With reference now to FIG. 7, rotation of the rotating carrier 44 brings a preform 12 retained in a gripper 58 to the preheating stage 28 as was shown in FIG. 3 of the machine 10. Because the preheating of the preforms is conducted with the preforms inverted from their initial position at the pick off position 26, that is, with the neck 18 upward, the rotary actuator 60 at the end of the free sliding element 64 rotates the grippers 58 and the preforms through 180 degree during their transit between pick off position 26 and the transfer to a preheating transport system 90. The effect of this rotation is that the handle 20 of the preform is now “leading” with respect to the direction of rotation of the rotating carrier 44, instead of trailing as it was at the pick off position 26 as could be seen in FIG. 5.

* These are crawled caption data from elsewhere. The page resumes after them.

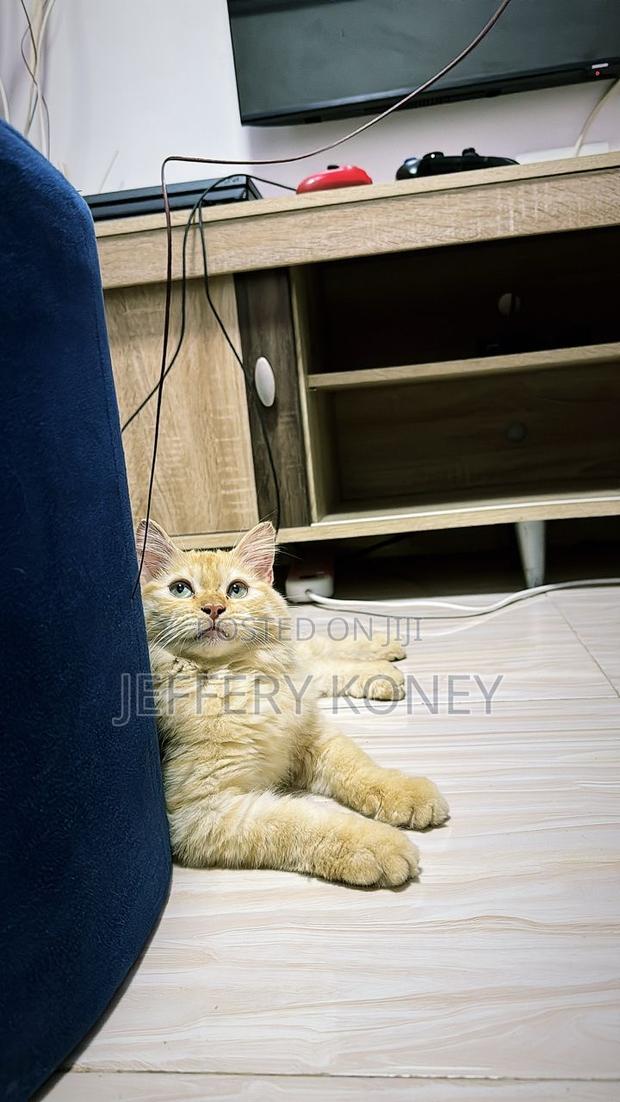 6-12 months Female Purebred Persian · Photo 3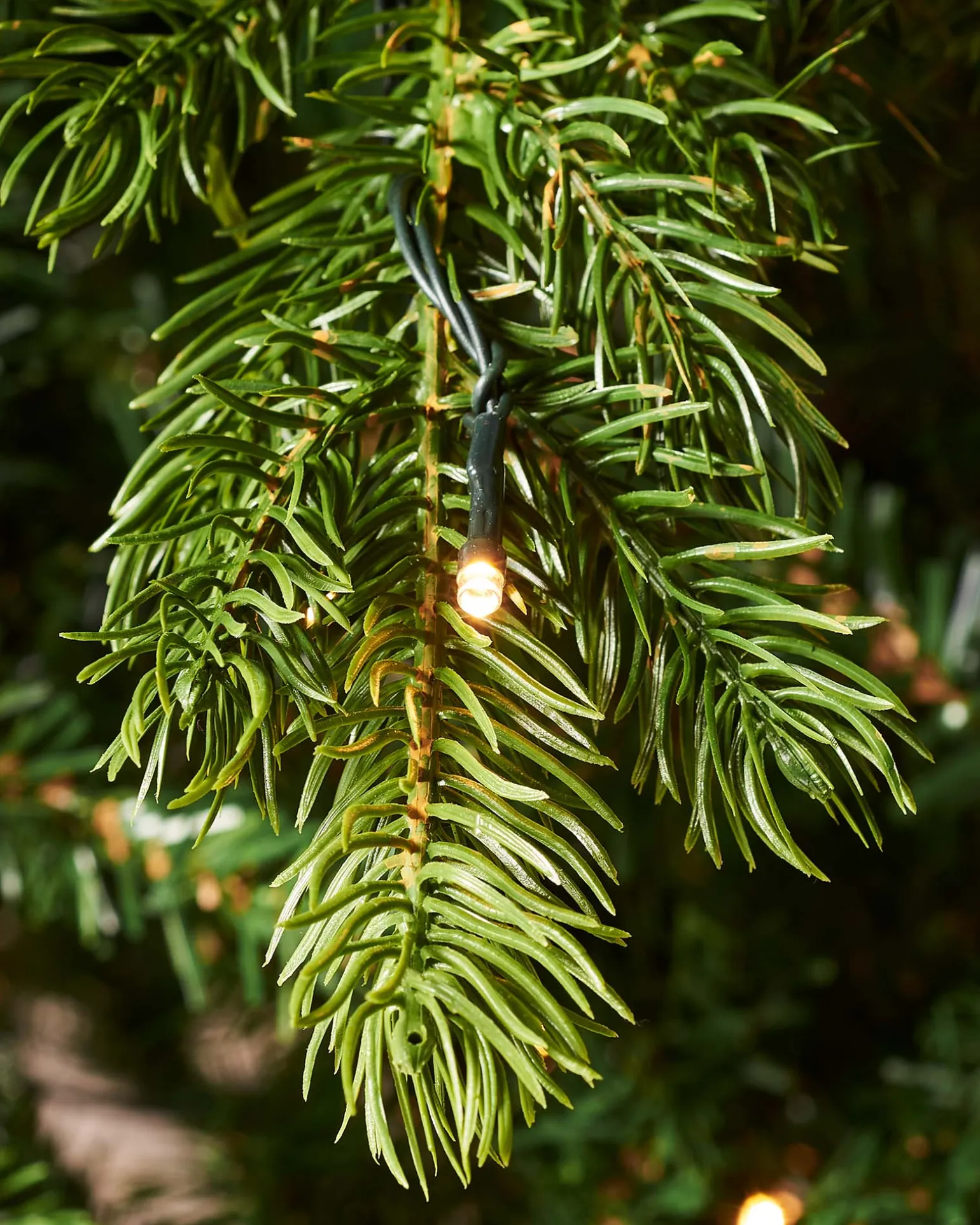 Pre-Lit Balsam Fir Christmas Tree, 8 Ft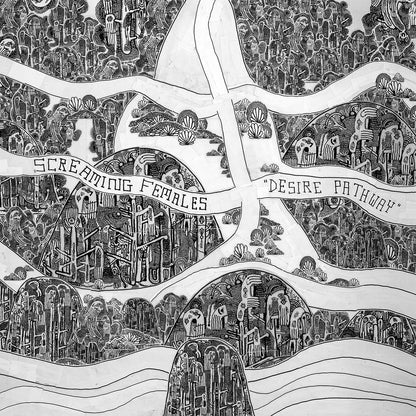 Desire Pathway |   Retro Vinyl Club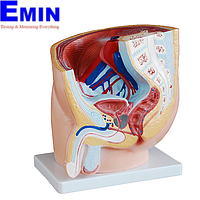 PHYWE MOD-MALEPELVIS Male Pelvis (Natural size)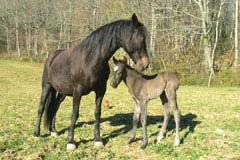 photo du cheval Aeragon al Reg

The preheating transport system 90 is also in continuous movement and comprises a loop rail system 92 with proximate and distal rotating guide wheels 94 and 96 respectively at either end of the loop. A plurality of preform supporting mandrels 98 are adapted to move around the loop rail system 92, driven into motion around the straight sections of the loop by a drive chain (not shown) to which they are fixed and around the guide wheels 94,96 by nesting in niches 103 of the guide wheels. As well as travelling around the loop rail system 92, the mandrels 98 are continuously rotated about their vertical axes.

Preheating of the preform 12 is required for the body 16 of the preform, that is for that portion of the preform which will be subjected to stretching and blow-moulding, to sufficiently soften the polymer. But the handle 20 and the neck 18 which retain their as injection moulded form in the blown container shown in FIG. 3, must be protected from excessive heat as the preform moves through the preheating stage. For this reason, as shown in FIG. 8, a preform supporting mandrel 98 is provided with a heat shield 100 comprising a channel 102 rising from a cylindrical collar 104 in which the handle 20 is protected while the neck 18 is protected by its insertion into the cylindrical collar 104 of the mandrel.

It may be noted that the patterns of the outer cam surface 74 and that of the cam channel 78 of the first rotating transfer system 42 as shown in FIG. 5, near the pick off position 26 differ from those at the approach to, and following the preform transfer to preheating position 106. This reflects the difference in movements required of a gripper 58 as it steers the preform into the position in which the vertical axis of the preform becomes aligned with that of the cylindrical collar 104 of the mandrel 98 and the handle 20 is aligned with the heat shield channel 102. At the instant these axes are aligned and the handle 20 of the preform is aligned between the side elements of the channel 102, a cylindrical plunger 108 within the collar 104 rises into the neck 18, then lowers to bring the neck to an inserted position within the collar. These movements of course take place while the first rotating transfer system 42 and the proximate guide wheel 94 are in continuous contrarotation. This complex movement is again made possible by the combination of the rotation of the arm 46 and the rotation and linear movements of the free sliding element 64, and thus of the gripper fingers 66 of the first pick and place apparatus 52.

Thus the transfer of a preform from the gripper of the first transfer system 42 to a preform supporting mandrel 98 is achieved in one fluid motion as the vertical axis of the preform is brought into alignment with that of the mandrel and the oriented handle of the preform slides into the heat shield, while accommodating each of the rotations of the loop rail, the mandrel and the transfer system as well as the movements of the gripper.

Preheating of Preforms

As best seen in FIGS. 3 and 8, banks 110 of heating elements 109 are positioned along each of the straight sections of the loop rail system 92. Graded hot air 111 is drawn across the path of the preforms 12 by extractor fans 113. To prevent excessive heat build-up of the cylindrical collar 104 and the neck 18 of the preform in the collar, a cooling air stream 115 is directed at the collars.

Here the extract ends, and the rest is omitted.